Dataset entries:

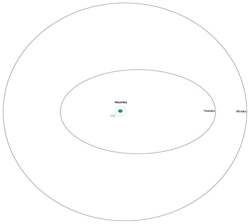It orbits once every 49.12 ± 0.03 days at a distance of 49,880 ± 198 km, with an eccentricity of 0.0513 ± 0.0078 and an inclination of 126.356 ± 0.064 degrees.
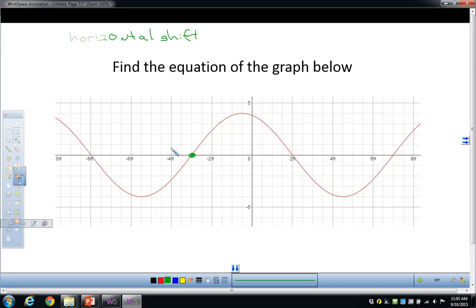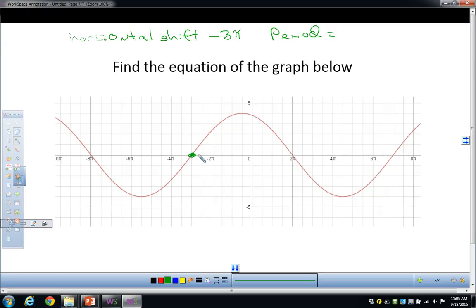The horizontal shift looks like negative 3 pi based on the scale — negative 2.5 pi, negative 3 pi. So the horizontal shift is negative 3 pi. Now find the period: I need to go all the way from here to here for one complete cycle. This is from negative 3 to 2, so that's halfway — which is 5 pi. So the full period is 10 pi.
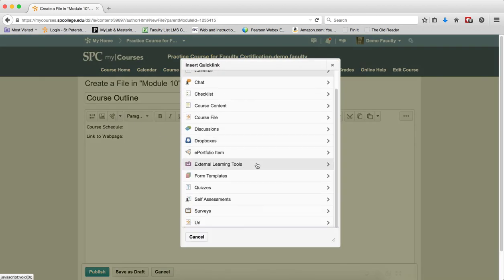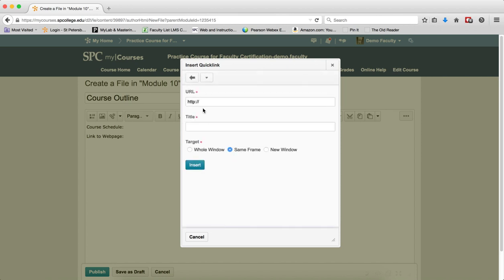You may need to scroll down and click on URL. Paste the web address in the URL field, but make sure you highlight the HTTP colon slash slash before pasting the address.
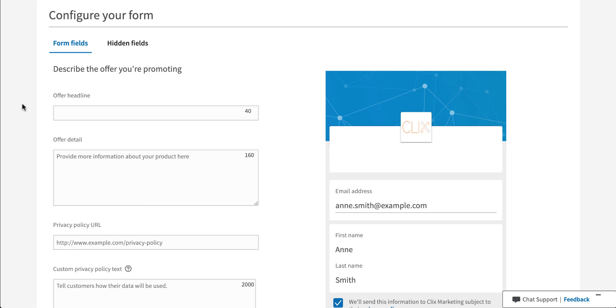The first section is actually putting content with your lead gen ad. Once a user clicks on your ad, the form will pop up. You then want to be able to provide them a little bit of additional information. You'll see that there's an offer headline that has a 40 character count, and then offer detail with an additional 160 characters.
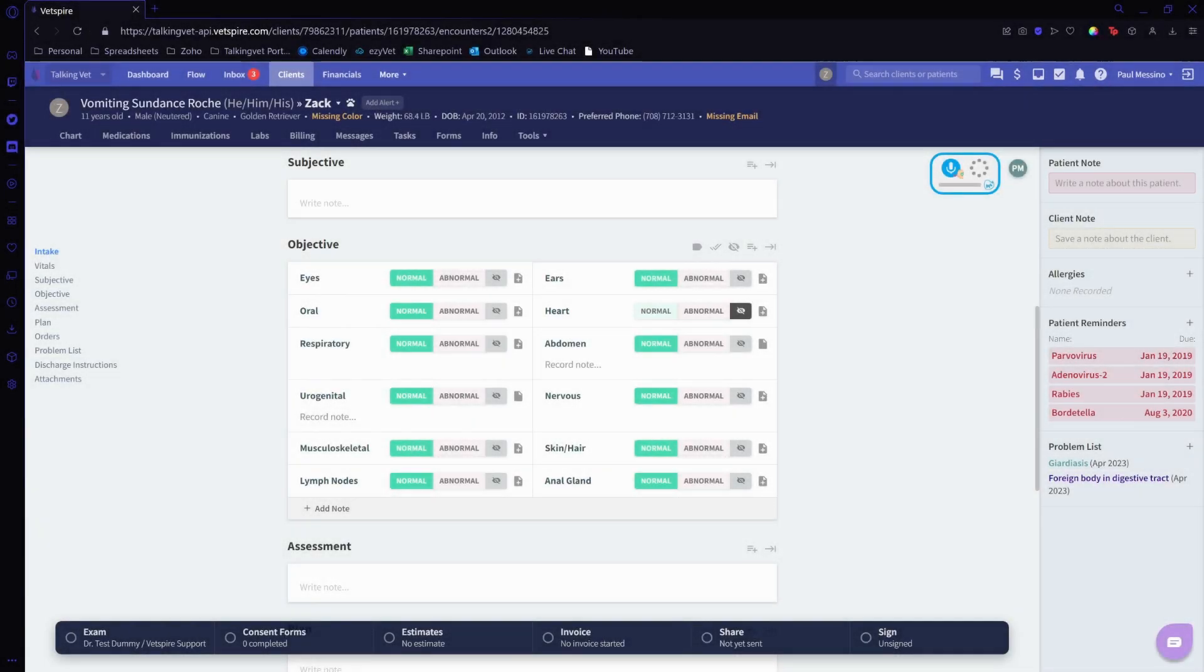Hi, my name is Danny, and today I want to show a quick example of what it looks like to dictate inside of VetSpire using TalkingVet.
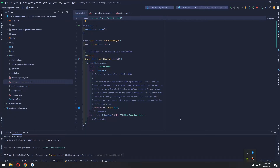In this video we are going to make a splash screen for our app. Flutter has a default splash screen when it loads an app, and we are going to modify that and make our own splash screen. I'm going to use an image for that.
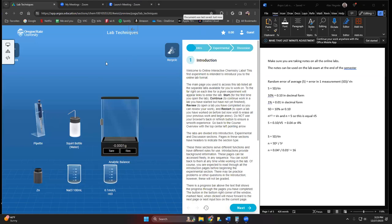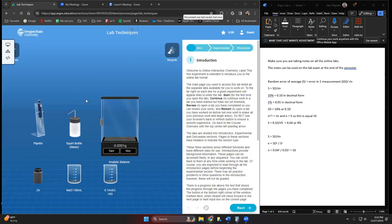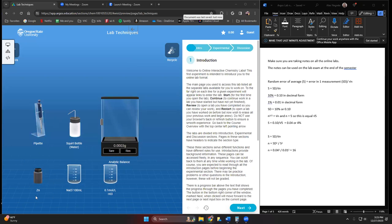This is going to cover the lab techniques video on Argos education. Lab techniques is basically just learning how to maneuver around the online lab environment. Everything's labeled here: analytical balance, square bottle, pipette, reagent bottle where we have our solutions and chemicals.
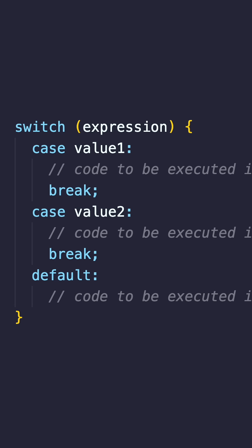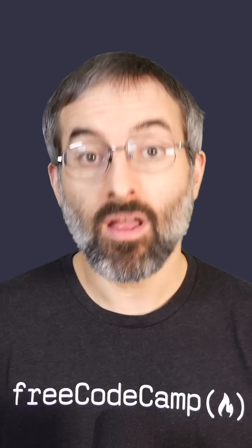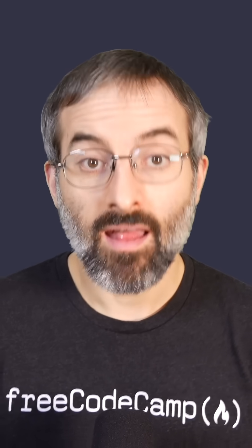Switch statements are typically used when you're comparing a single variable against multiple possible values. They're especially useful when you have many potential conditions to check against a single variable.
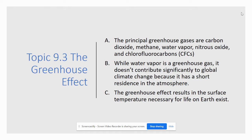We also know it's the greenhouse effect that enables life on Earth. If we didn't have the greenhouse effect, Earth would be one big giant ball of ice, so it's going to help warm Earth's surface.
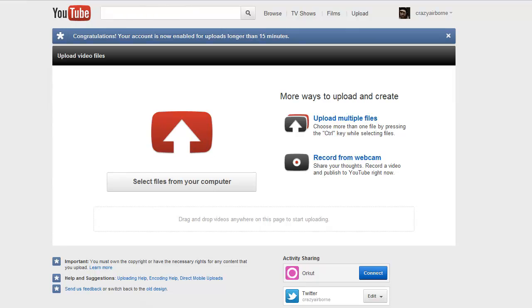Alright, so the third step in this end card process is actually getting it onto YouTube and adding the annotations.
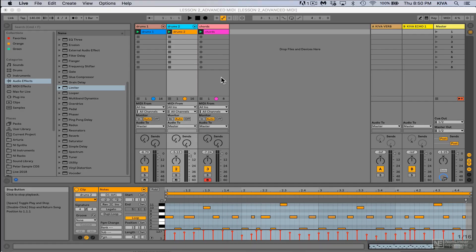In this lesson I want to give you a few ideas for getting out of what I call the loop repetition rut. Quite often when people start producing in Ableton, a lot of the time you'll come up with a nice idea for a drum pattern, bass line, or chord progression.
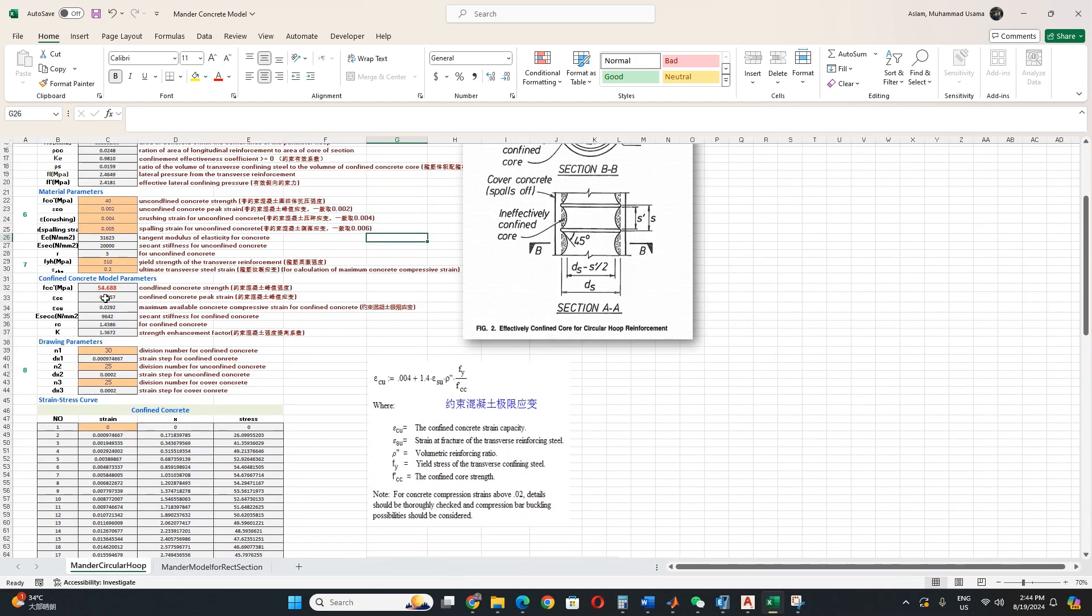Then confined concrete. Confined means where there is some transverse reinforcement, its strength is more than unconfined. Unconfined means simple concrete, there is no reinforcement and this is plain concrete.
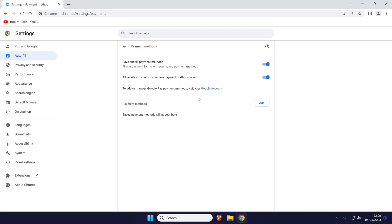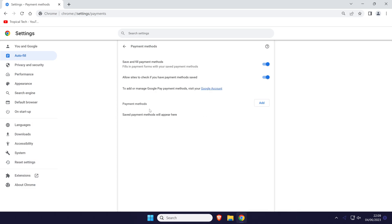You should now see the list of saved payment methods and you can manage them from here by clicking on the three dots icon next to them. For example, you can change the number for a card or remove a card completely.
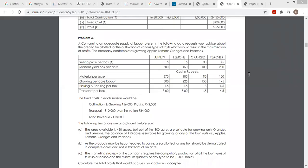A company running an adequate supply of labor presents the following data, requesting advice about the area to be allotted for the cultivation of various types of fruits which would result in the maximization of profit. The company contemplates growing apple, lemon, oranges, and peach. Selling price per box per acre and season yield boxes per acre are given.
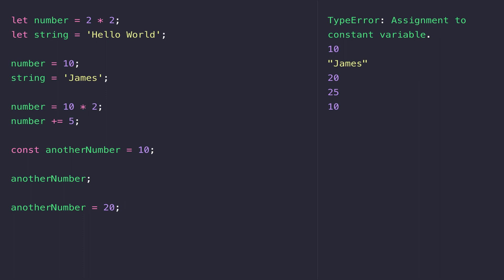So there we have some different ways of creating variables in JavaScript. Take some time now to jump into your console and have a go creating some different variables and reassigning values to them. Make sure you understand the difference between let and const. In the next lesson, we'll look at some of the other data types available in JavaScript and how to assign those to variables in your code.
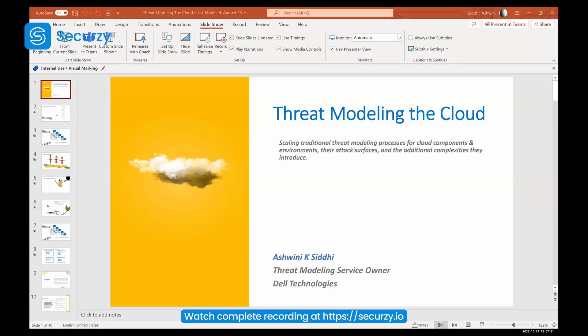I am Ashwini Siddhi, the Threat Modeling Service Owner from Dell Technologies. I think I'm the right person to be talking about Threat Modeling because I've been working on Threat Modeling ever since I joined Dell.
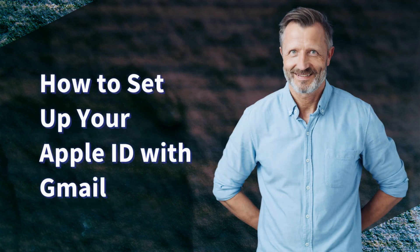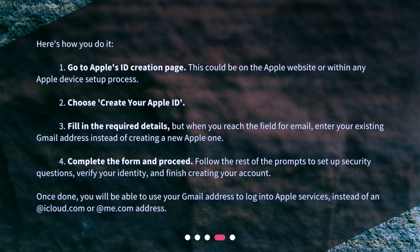How to set up your Apple ID with Gmail? Here's how you do it. Step 1: Go to Apple's ID creation page — this could be on the Apple website or within any Apple device setup process. Step 2: Choose 'Create your Apple ID.' Step 3: Fill in the required details, but when you reach the field for email, enter your existing Gmail address instead of creating a new Apple one. Step 4: Complete the form and proceed. Step 5: Follow the rest of the prompts to set up security questions, verify your identity, and finish creating your account. Once done, you will be able to use your Gmail address to log into Apple services, instead of an @iCloud.com or @me.com address.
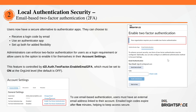To use email-based authentication, users must have an external email address linked to their account. Emailed login codes expire after five minutes, helping to keep access secure. This feature is available to all clients and controlled by the new configuration variable d2l.auth.twofactor.enableemail2fa, which must be set to on at the org unit level.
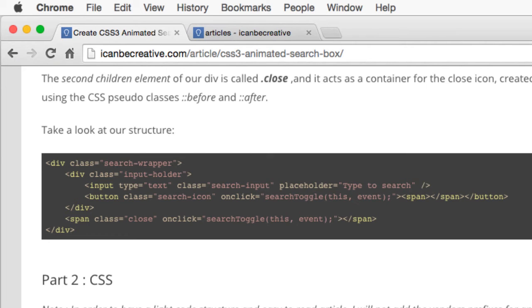The second child element of our div is called Close, and it acts as a container for the Close icon created using the CSS pseudo classes before and after.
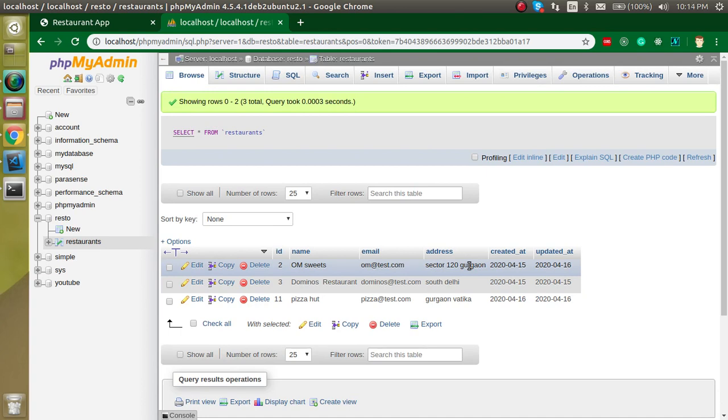This is the way that how we can edit the field. If you still have any kind of confusion, you can ask me in the comment box. Don't forget to subscribe to my channel. In the upcoming videos we will learn more things like how we can search the products, how we can log in, registration, and much more. Bye bye, take care.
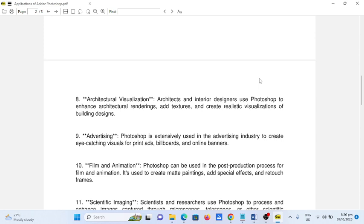Number ten, film and animation. Photoshop can be used in the post-production process for film and animation. It's used to create matte paintings, add special effects, and retouch frames.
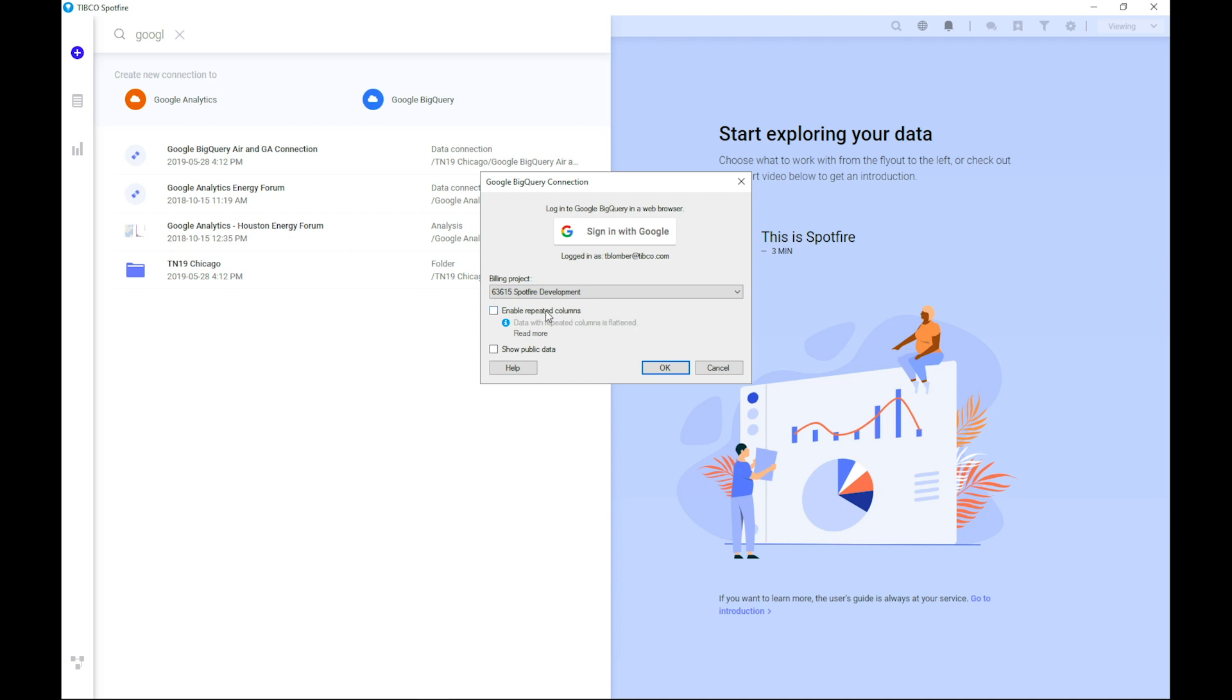The next question or choice you need to answer is if you would like to enable repeated columns or not. Once again, this is common with Google Analytics data and could also be common with other use cases. There's also a direct link where you can read up on the details when it comes to this type of columns, because Spotfire will behave a little bit different when these are used.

» **THE PROBLEM**
Working from the entries above, please transcribe only the lines from the line with "Then confined concrete." through the line with "You should now", exactly, with both end lines and without pictures.

» **RESPONSE FOR THIS EXERCISE**
Then confined concrete. Confined means where there is some transverse reinforcement, its strength is more than unconfined. Unconfined means simple concrete, there is no reinforcement and this is plain concrete.
You should now see the list of saved payment methods and you can manage them from here by clicking on the three dots icon next to them. For example, you can change the number for a card or remove a card completely.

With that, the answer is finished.